Read with freedom of speech, expression and
artistic creativity protected by section 15(1) of the Constitution, this
guarantees the
development of language free from interference by the State.
Section 31 goes on to state expressly that “every person shall
have the
right to use the language and participate in the cultural life of his or her
choice”. Section 32(c) is even more specific
in relation to education. It
declares that:
Every person shall have the right:
...
c) to establish, where practicable, educational institutions based on a common
culture, language or religion, provided that there
shall be no discrimination on
the ground of race.
The judgment of Mahomed DP deals extensively with this clause in terms of its
obvious meaning, and its place in the logic of section
32 as a whole. I agree
fully with his analysis, which in my view is consistent both with the language
used and the overall spirit
of the Constitution. I would merely add one further
reason, influenced by my explorations of international human rights law, but
derived directly from the text of the Constitution, as to why I consider that it
makes best sense to regard this paragraph as concretising
rights to a certain
measure of cultural/linguistic autonomy in the private sphere, rather than as
imposing an express duty on the
State to establish single-medium community based
schools. This additional argument flows from the connection between section
32(c)
and section 8(2).
[76] Section 8(2) provides that no person may be discriminated against on
grounds,
inter alia
, of religion, culture or language. The provision in
section 8 (4) to the effect that
prima facie
proof of discrimination on
the grounds specified in section 8(2) shall be presumed to be sufficient proof
of unfair discrimination
until the contrary is proved, would make all schools
based upon a common culture, language or religion liable to attack on the
grounds
of practising unfair discrimination, particularly if they closed their
doors to persons who did not share that common culture, language
or religion.
Legislation could then be passed prohibiting such discrimination, and such
schools would then have no constitutional
umbrella to protect them at all.
Section 32(c) appears, therefore, to be an explicit, if limited, acknowledgement
of the need in
certain circumstances to allow for a departure from the general
principles of section 8(2) read with section 8(4). The anti-discrimination
principle is so powerful, both in international law and in the warp and woof of
our Constitution, that any intention to deviate from
it would have to be
articulated in the clearest possible language.

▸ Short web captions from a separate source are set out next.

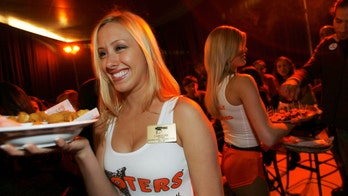 Hooters rolling out more conservative uniforms for servers in Asian restaurants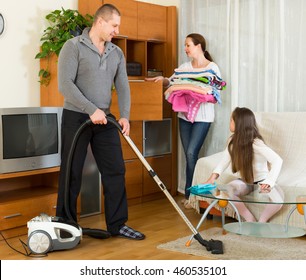 Positive Family Of Three Cleaning In The Living Room All Together. Focus On Man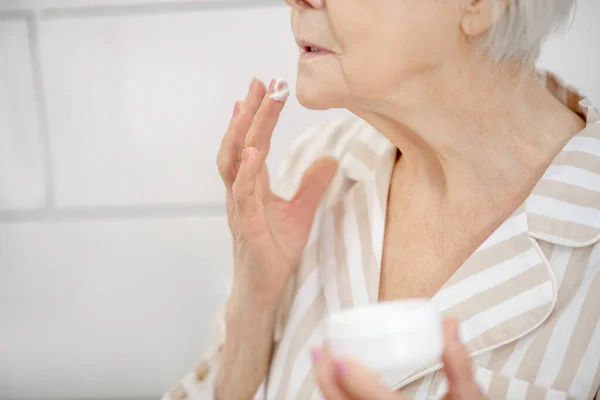 Imagen de cerca de una mujer con un frasco de crema en las manos — Foto de Stock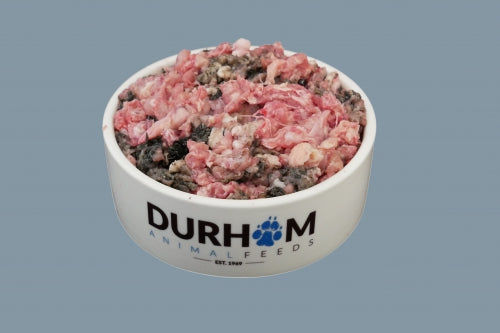 A cream coloured bowl with Durham Animal Feeds written in blue & black, containing raw Chicken Mince with dark coloured tripe pieces mixed in.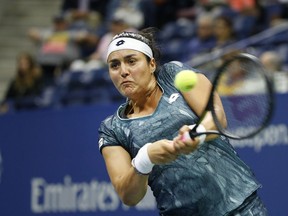 FILE - In this Thursday, Aug. 31, 2017 file photo, Ons Jabeur, of Tunisia, returns a shot to CoCo Vandeweghe, of the United States, during a match at the U.S. Open tennis tournament, in New York. Tunisian qualifier Ons Jabeur became the first player from her country to reach a WTA tennis final on Friday, Oct. 19, 2018 and she will next face Daria Kasatkina for the Kremlin Cup title. Jabeur, the 2011 junior champion at the French Open, beat Anastasija Sevastova 6-3, 3-6, 6-3 in the semifinals.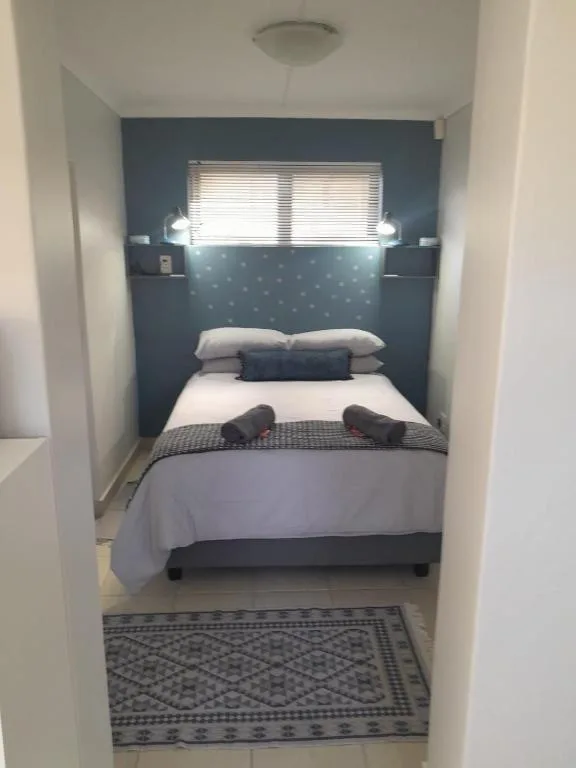 Cozy bedroom with queen bed, dark blue accent wall, and natural light from window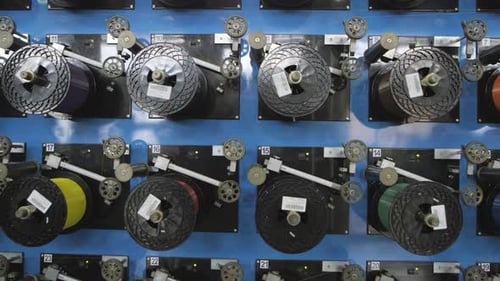 Industrial Machine with Colorful Wiring Spools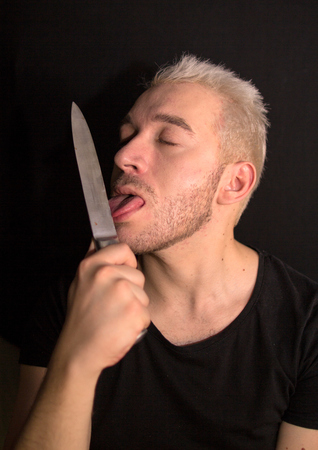 A portrait of a young bearded man. A man licking knife. Guy on black background.の写真素材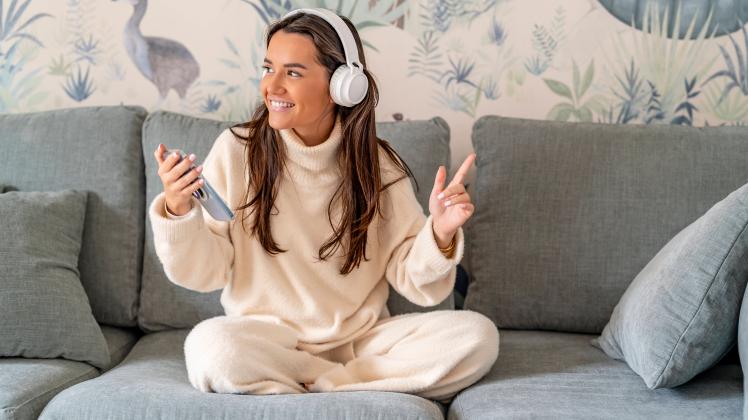 Happy woman wearing wireless headphones listening music on sofa at home model released, Symbolfoto property released, DL
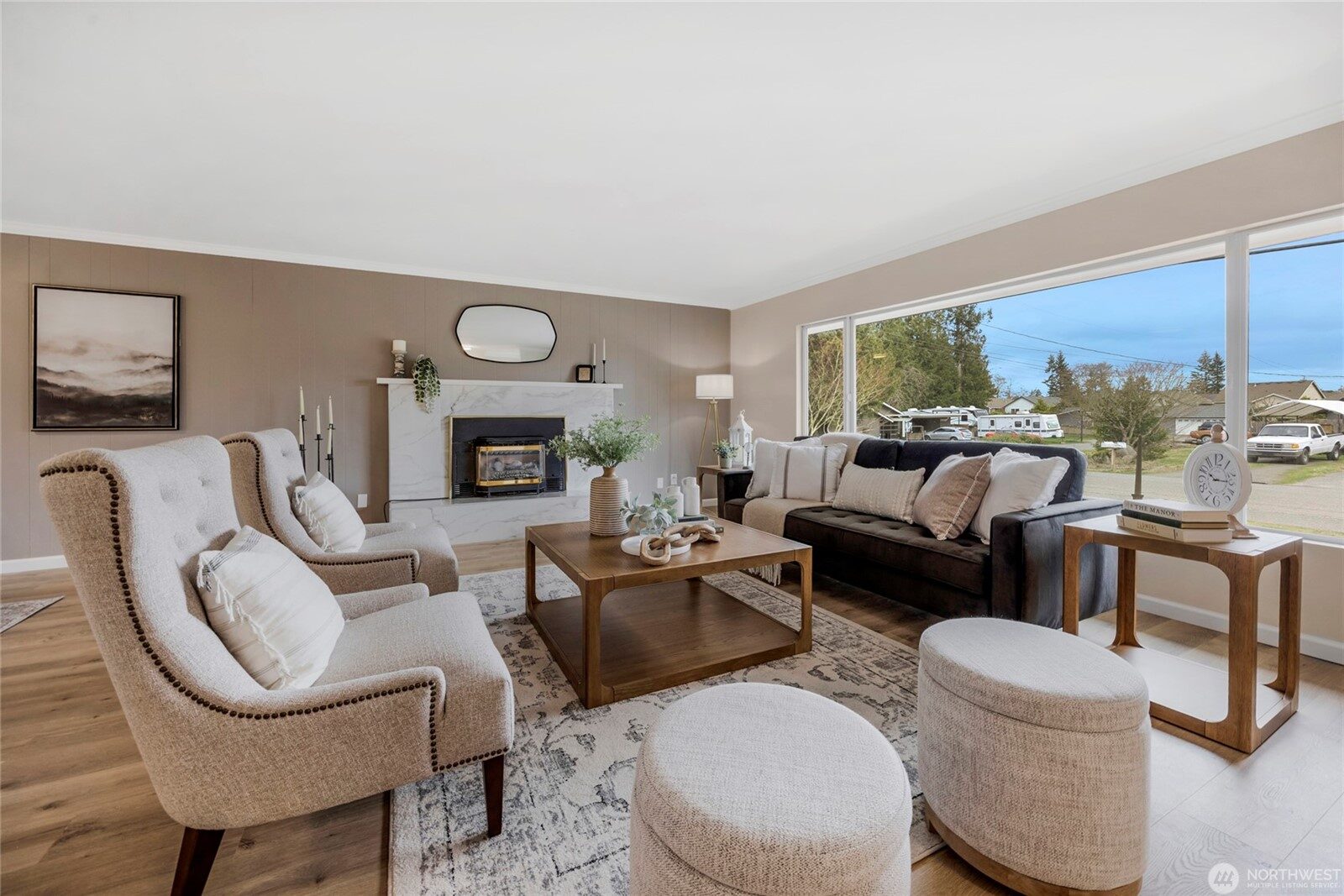 Renovated living room with refreshed fireplace and hardwood flooring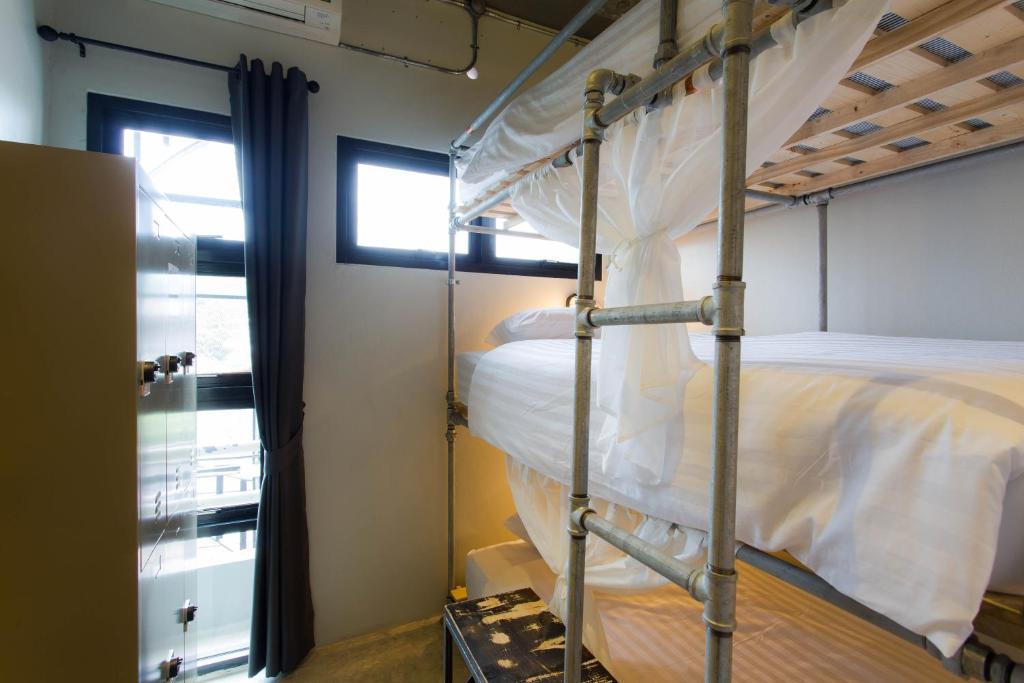 Postel nebo postele na pokoji v ubytování Bloo Hostel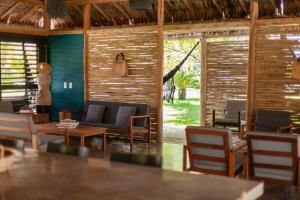 a restaurant with a table and chairs and a couch at Hotel VilaVeraTheresa in Fortim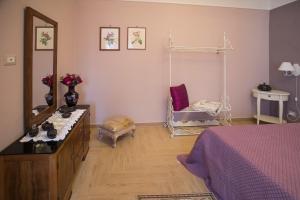 a bedroom with a bed and a dresser and a mirror at C'ERA UNA VOLTA - casa vacanza Etna-Sicilia-mare in Linguaglossa
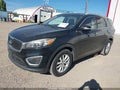2016 Kia Sorento — photo 2 of 11 | VIN 5XYPG4A58GG132245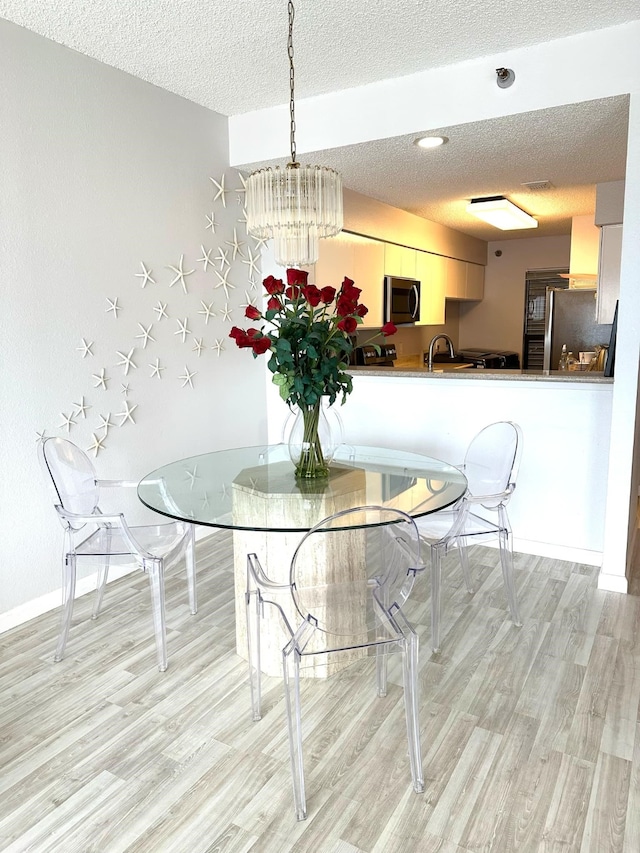 dining area with sink, an inviting chandelier, a textured ceiling, and light hardwood / wood-style floors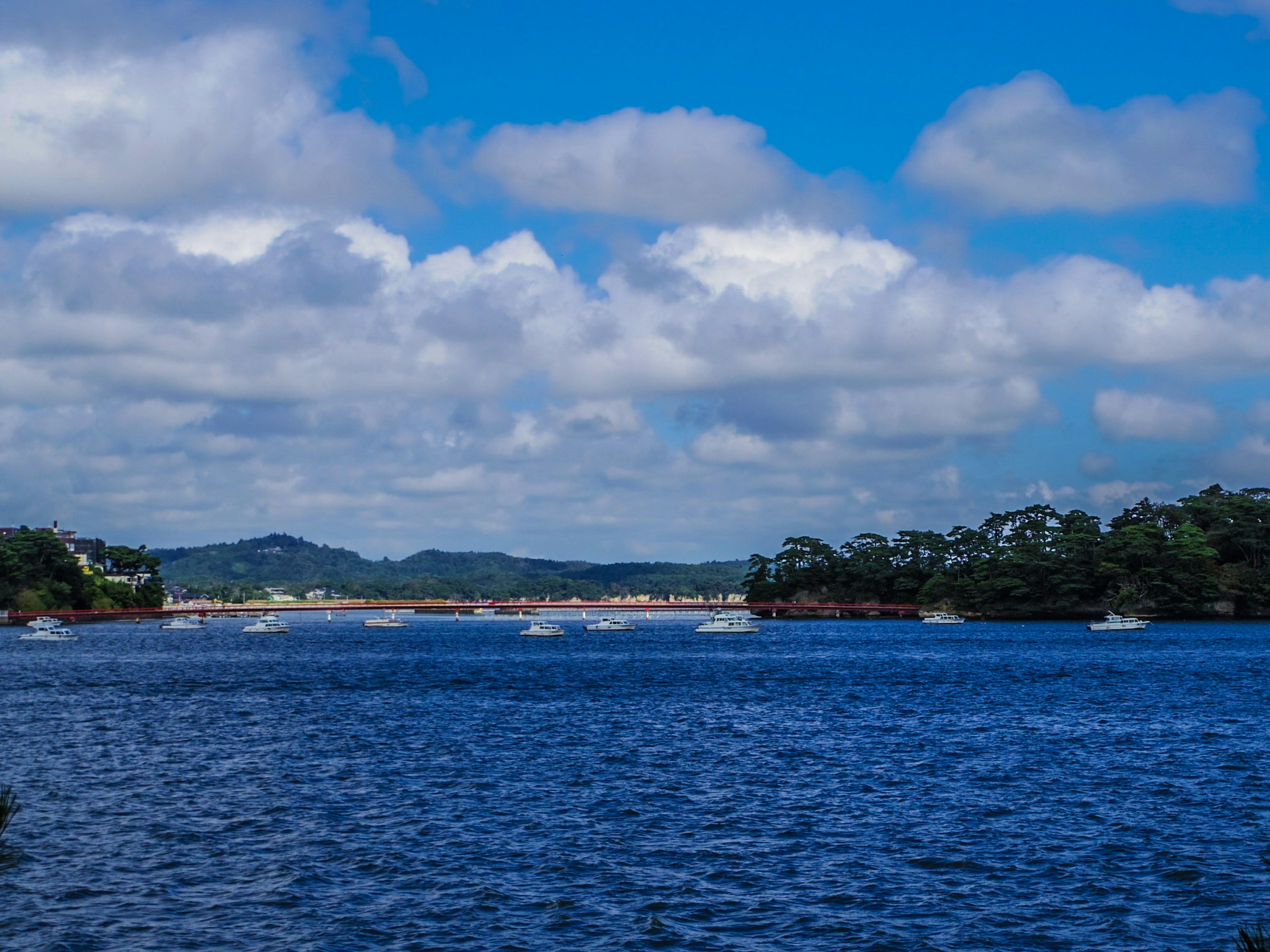 Vue panoramique de l'eau bleue avec des nuages blancs des îles et des bateaux visibles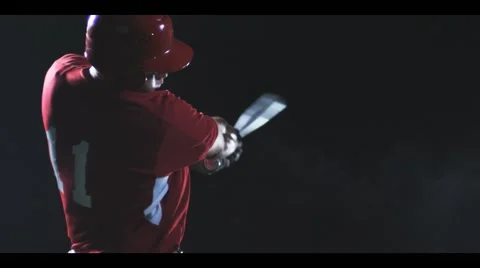 Dramatic baseball player, awaits pitch, hits ball, SLOW MOTION Stock Footage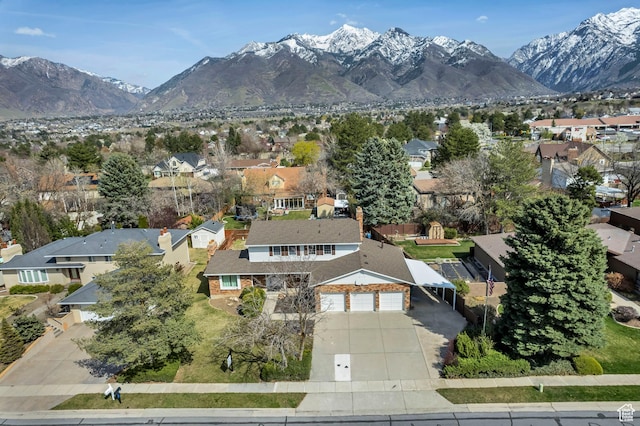 bird's eye view with a mountain view and a residential view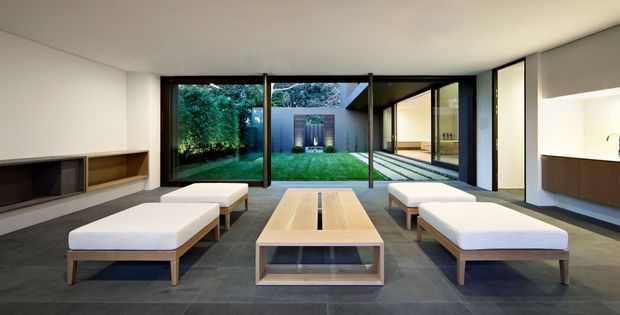 Contemporary living room with a minimalist built-in media wall, low upholstered timber-framed ottomans, and a rectangular timber coffee table. Large dark-framed glazed doors open the room to a landscaped courtyard, while a floating timber console is visible along the right wall. The space has a restrained neutral palette, clean horizontal lines, and dark large-format floor tiles.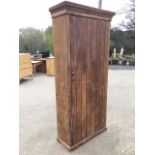 A Victorian tongue & grooved pine cupboard with hinged door enclosing shelves beneath a moulded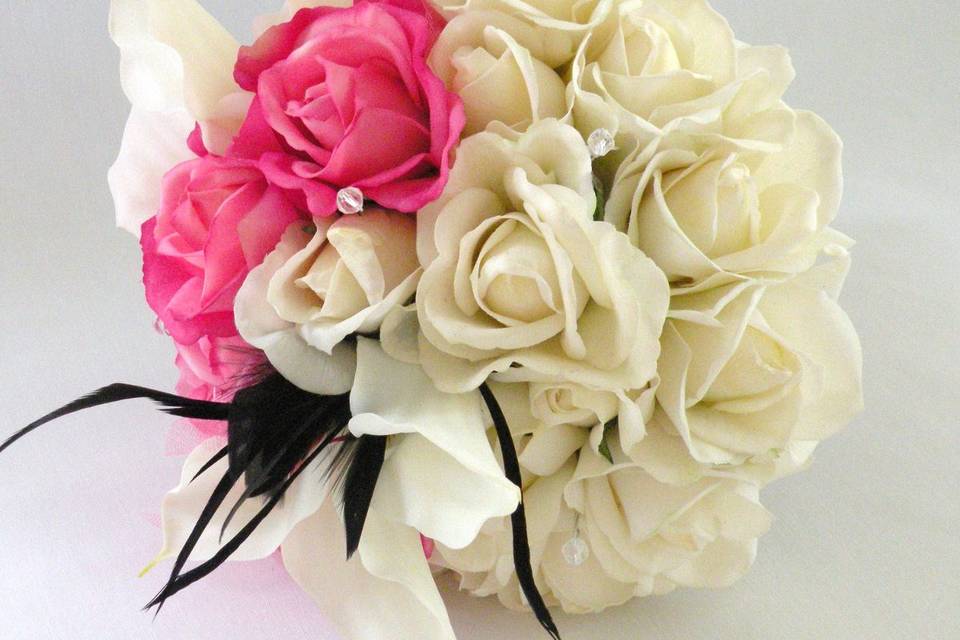 Lovely and romantic bouquet created with TRUE TOUCH silk roses and calla lilies, in ivory and hot pink, with black feather accents.
The handle is wrapped in damask ribbon with a hot pink overlay. This bouquet is available in other colors.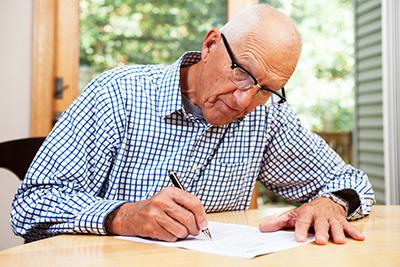Old man writing on a paper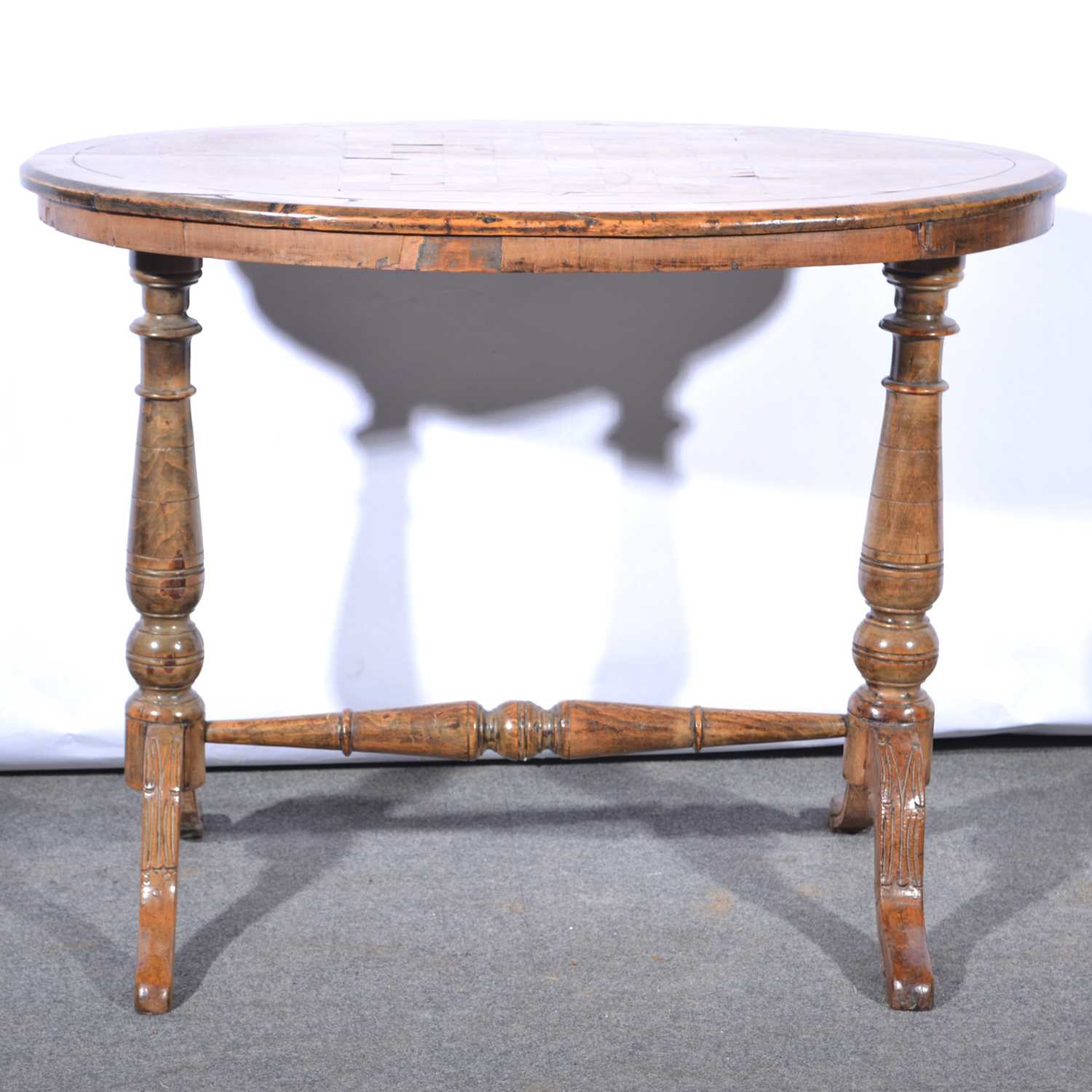 Lot 567 - Victorian walnut chess table, oval inlaid top.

[77] What appears to be provided for in section 32(c) is not a duty on the state
to support discrimination, but a right of people,
acting apart from, but in
practicable association with the State, to further their own distinctive
interests. If the intention were
not only to
permit
discrimination on the
grounds of culture, language or religion in state schools, in such cases where
it was justified, but to
require
it in all cases on demand, then one
would have expected that such an exemption from the general non-discrimination
principle would
have been expressed in the clearest possible language.
Furthermore, should such a radical departure from the provisions of the equality
clause have been contemplated, then it would have been far more logical to have
expressed it as a qualification of section 8, than
to have left it to be read in
as an implied incident of section 32(c).
[78] My view is strengthened by the fact that section 32(c), construed in the
manner proposed by Mahomed DP, corresponds precisely
to concepts accepted in
many international instruments (although by no means universally). It
acknowledges that constitutionally
guaranteed space should be made available for
private individuals to set up and maintain [establish] their own schools if they
feel
that their special cultural, language or religious needs are not being
sufficiently catered for in the state system. Two cases heard
under the
European Convention which concern parental rights in relation to education,
suggest a disinclination on the part of the
court to compel states to establish
or maintain schools based on a particular language or religion, though they did
emphasize the
importance of pluralism of education and parental choice. The
first protocol to the European Convention provides in part: “No
person
shall be denied the right to education”. In the
Belgian Linguistic
case
[54]
the Court said that the
Convention does not guarantee children the right to be educated in the language
of their parents by the public
authorities or with their aid. “The
negative formulation indicates... that the Contracting Parties do not recognize
such a
right to education as would require them to establish at their own
expense, or to subsidise, education of any particular type or
at any particular
level.” Similarly, in a case involving Danish parents who objected to
compulsory sex-education in the public
schools, it was held that the State met
its obligation to “respect the right of parents to ensure... education in
conformity
with their own religious and philosophical convictions” because
the parents were free to send their children to a private
school.
[55]
[79] The deviation from the normal non-discrimination principles is therefore a
highly qualified one. Firstly, it is limited to the
spheres of culture, language
or religion; secondly, the running of the school must be practicable insofar as
it implicates the State
in guaranteeing education of appropriate standard;
thirdly, there shall be no discrimination on the grounds of race, and fourthly,
the community concerned must itself be responsible for the setting-up and
running of such a school. All these qualifications conform
to criteria widely
accepted in international instruments. This is not to say that the State is
forbidden by our Constitution from
setting up or maintaining communally- or
religiously-based schools. There is a great difference, however, between what
the State
is permitted to do and what it is required to do. In my view, there is
nothing in section 32 which obliges it to set up such schools.
Indeed, any
departure from the general principles of non-discrimination by the State itself
in relation to State schools, would have
to be justified by the State as being
fair.
[56]
There might, for example,
be good educational or administrative reasons for having a girls-only school in
a certain area, or for
having a unilingual school in another. These would be
questions of state policy and practice, subject to judicial review in the
ordinary
courts undertaken with due regard to fundamental rights guaranteed in
the Constitution. They would not be matters of constitutional
rights inhering in
and enforceable by cultural, language or religious
communities.
[57]
In such
circumstances, it would be the existence of exclusivity that would have to be
justified, not, as the Petitioners claim in
this case, the exclusion of
exclusivity.
[80] I would add two more and to my mind, equally compelling reasons, both of
which international law principles have alerted me
to, for preferring not to
adopt the “generously amplified” interpretation of section 32(c)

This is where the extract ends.